Gill Partington and Adam Smyth, eds. Book Destruction from the Medieval to the Contemporary

Gill Partington and Adam Smyth, eds. Book Destruction from the Medieval to the Contemporary. New Directions in Book History. Basingstoke: Palgrave Macmillan, 2014. xi, 216p., ill. ISBN 9781137367655. £58 / US $95 (hardback).

This lively book helps inaugurate Palgrave’s series New Directions in Book History, the raison d’être of which is to publish “monographs that employ advanced methods and open up new frontiers in research” (i). Rather than showcase an innovative methodology or rethink a hackneyed subject area, Gill Partington and Adam Smyth broach a neglected topic, suggesting that squeamishness about book destruction has hindered the study of a range of artistic, literary and cultural practices. Contemporary art bulks large: there are interviews with Ross Birrell, Nicola Dale and a hilariously uncooperative Tom Phillips, a clever piece by Partington on John Latham, and a vivid survey of other artist book destroyers by Kate Flint. Adam Smyth entertainingly discusses the “quasi-editorial” (43) blaze which destroyed Ben Jonson’s library, and Heather Tilley and the late and much lamented Stephen Colclough write subtly on Victorian fiction: the former on Our Mutual Friend, the latter on Vanity Fair and Wuthering Heights. Two essays are outliers. In the lead piece, the only chapter to focus on a historical episode of book destruction motivated by censorship, Heike Bauer re-examines the survival of some items from the Nazis’ destruction of the archive of Berlin’s Institute of Sexual Science. Anthony Bale’s valuable discussion of ownership inscriptions in medieval manuscripts seems tangential to the volume’s theme. He does, however, provide in the same piece a handy overview of book destruction across the Middle Ages as a whole. Smyth does much the same for the Renaissance in his Jonson essay and Colclough includes in his piece a fascinating account of the book destruction that was a necessary part of the activity of mid-Victorian circulating libraries.

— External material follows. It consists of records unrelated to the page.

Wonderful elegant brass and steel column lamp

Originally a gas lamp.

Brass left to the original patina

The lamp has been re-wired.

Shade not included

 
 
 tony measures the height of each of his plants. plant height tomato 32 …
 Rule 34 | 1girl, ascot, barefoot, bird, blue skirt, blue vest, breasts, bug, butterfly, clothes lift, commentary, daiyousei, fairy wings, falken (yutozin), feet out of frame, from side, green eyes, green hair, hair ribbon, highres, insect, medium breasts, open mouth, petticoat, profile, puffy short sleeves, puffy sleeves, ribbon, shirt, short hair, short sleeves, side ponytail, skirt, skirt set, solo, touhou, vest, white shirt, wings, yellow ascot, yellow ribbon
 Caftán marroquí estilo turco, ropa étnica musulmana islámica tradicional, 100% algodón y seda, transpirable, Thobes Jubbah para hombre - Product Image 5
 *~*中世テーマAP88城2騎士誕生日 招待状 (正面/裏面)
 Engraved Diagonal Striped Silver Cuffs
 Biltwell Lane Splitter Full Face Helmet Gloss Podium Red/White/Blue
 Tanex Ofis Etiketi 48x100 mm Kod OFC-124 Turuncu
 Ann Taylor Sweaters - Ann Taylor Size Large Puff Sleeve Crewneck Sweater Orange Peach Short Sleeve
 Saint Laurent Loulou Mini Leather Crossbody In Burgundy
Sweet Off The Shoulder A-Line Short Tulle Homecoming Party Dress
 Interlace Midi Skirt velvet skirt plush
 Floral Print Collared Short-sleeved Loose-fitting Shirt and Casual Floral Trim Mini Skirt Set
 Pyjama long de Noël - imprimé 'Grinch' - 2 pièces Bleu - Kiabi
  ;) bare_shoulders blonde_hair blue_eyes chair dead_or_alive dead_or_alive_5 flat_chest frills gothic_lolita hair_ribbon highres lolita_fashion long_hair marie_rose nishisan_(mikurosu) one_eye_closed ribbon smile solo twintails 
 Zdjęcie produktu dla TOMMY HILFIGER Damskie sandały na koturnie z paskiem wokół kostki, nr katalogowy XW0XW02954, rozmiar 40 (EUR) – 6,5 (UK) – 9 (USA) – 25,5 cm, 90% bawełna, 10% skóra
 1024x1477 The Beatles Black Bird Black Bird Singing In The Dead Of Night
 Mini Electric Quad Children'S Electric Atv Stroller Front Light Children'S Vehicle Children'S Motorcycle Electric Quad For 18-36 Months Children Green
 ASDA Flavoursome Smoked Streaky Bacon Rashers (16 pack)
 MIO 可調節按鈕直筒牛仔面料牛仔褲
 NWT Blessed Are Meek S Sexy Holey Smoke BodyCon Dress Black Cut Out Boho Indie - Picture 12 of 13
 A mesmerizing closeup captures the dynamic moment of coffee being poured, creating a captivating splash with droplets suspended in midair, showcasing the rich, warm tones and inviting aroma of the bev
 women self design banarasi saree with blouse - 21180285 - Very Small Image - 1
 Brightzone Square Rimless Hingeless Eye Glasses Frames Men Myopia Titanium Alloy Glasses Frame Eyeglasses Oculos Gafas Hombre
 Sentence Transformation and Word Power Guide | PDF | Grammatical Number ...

Some essays explicitly attempt to demystify book destruction, to reclaim it from what the editors estimate is its current taboo status. Smyth suggests that: “Today, we’re inclined to see the loss of old books as unfortunate, or even tragic, but early modern bibliophiles were quite happy for most texts to go the way of the pie dish, or the privy, or the vegetable market.” (48) Were people in the past really more sanguine about book destruction, less worriedly possessive about books’ materiality? They can hardly have been more sanguine than the twenty-first-century manager of the book shredding plant we meet in the opening pages of the introduction, who has no interest in the content of the books he destroys: “Can’t read them,” he says, “They send me to sleep.” (1)

As the editors say, the moment when a book is destroyed is one in which “[its] complex nature … becomes especially visible, and when the fraught relationship between its insides and outside – its materiality and its semiotic content – is most urgently felt” (9). Book destruction is a topic, therefore, resonant with much current work in book history on the relationship (or absence of relationship) between materiality and meaning. The essays in this book open up a rich seam. Future work—there are many types of book destruction not mentioned in this book—will perhaps want to distinguish more sharply than Partington and Smyth’s authors do between such things such as the destruction of unique texts (Ben Jonson’s holographs, for example) and the destruction of individual copies of texts that continue to exist elsewhere (such as the printed books destroyed by Latham, Birrell, Dale and Phillips). But there is much to admire and enjoy in this collection, the quirkiness and scholarliness of which bode well for future volumes in the series.